As we approach the closing phases of Sefiras Ha-Omer, we dedicate the present article to completing the discussion we began two weeks ago concerning onaas devarim – causing pain and anguish by means of offensive words.

In the previous article we saw the gravity of the prohibition against onaas devarim, and discussed some of its halachic details: Is the offense punishable by Beis Din, is it permitted to offend somebody in self-defense or in retaliation, and which people are singled out for special care in this area?

In the present article we will discuss some of the concrete cases noted by Chazal in connection with the prohibition, and derive practical lessons for understanding the matter. What type of emotional pain does the prohibition of onaas devarim include?

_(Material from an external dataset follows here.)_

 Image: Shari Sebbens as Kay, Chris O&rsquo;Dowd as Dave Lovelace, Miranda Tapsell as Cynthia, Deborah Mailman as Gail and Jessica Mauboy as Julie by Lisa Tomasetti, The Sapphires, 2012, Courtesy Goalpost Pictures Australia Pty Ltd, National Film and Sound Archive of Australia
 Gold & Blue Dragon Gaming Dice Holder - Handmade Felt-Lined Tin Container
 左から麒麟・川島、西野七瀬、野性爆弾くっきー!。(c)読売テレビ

Does the prohibition depend on a person’s intentions? Is it forbidden to call a person by a nickname? These questions, and more, are discussed below.

Shopping With Care

The primary source for the prohibition of onaas devarim is the Mishnah (Bava Metzia 58), which notes a number of cases in which the prohibition is transgressed.

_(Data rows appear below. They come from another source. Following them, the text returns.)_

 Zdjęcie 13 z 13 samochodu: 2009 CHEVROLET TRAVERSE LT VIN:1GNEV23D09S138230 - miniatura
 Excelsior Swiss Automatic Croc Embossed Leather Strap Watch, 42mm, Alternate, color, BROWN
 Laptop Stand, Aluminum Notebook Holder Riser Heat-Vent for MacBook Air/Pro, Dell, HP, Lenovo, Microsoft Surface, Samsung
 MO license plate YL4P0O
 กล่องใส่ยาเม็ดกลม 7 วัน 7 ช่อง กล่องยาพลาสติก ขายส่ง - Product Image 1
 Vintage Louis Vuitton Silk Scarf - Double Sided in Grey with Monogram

The Mishnah teaches that one may not ask a shopkeeper “how much is this item” when in fact there is no intent of buying it. In a similar sense, one must not pore over a particular item, giving an impression of interest in purchasing it, whereas in fact the person lacks the money to buy it. This halachah is ruled by the Shulchan Aruch (Choshen Mishpat 228:4; interestingly, the Rambam makes no mention of it).

Commentaries suggest several reasons for this prohibition. The Meiri explains that when other people are present in the shop, they will receive an impression that the item is not worth its price, and the shopkeeper will lose his business. According to this, the issue is not related to emotional harm, but rather to causing financial damage (see also Rashbam, Pesachim 112b).

However, this interpretation is difficult in view of the placement of the teaching – in a Mishnah dealing with onaas devarim (emotional, rather than financial harm). Presumably for this reason the Meiri adds that even when there are no other customers in the store, the prohibition remains, since the action causes the storekeeper grief.

The straightforward understanding of this grief is that the vendor, who justifiably sees a potential sale, is disappointed. However, the Rach (Pesachim 112b) explains that the item is devalued in the eyes of the vendor, causing him grief.

The example given by the Mishnah commonly occurs after someone has already completed a purchase, but wishes to compare prices to check out if he made a good deal or not. Because he has no intent of buying another item, it is forbidden to inquire in a store about prices, unless it is made clear there is no desire to actually buy the product, and only to procure information.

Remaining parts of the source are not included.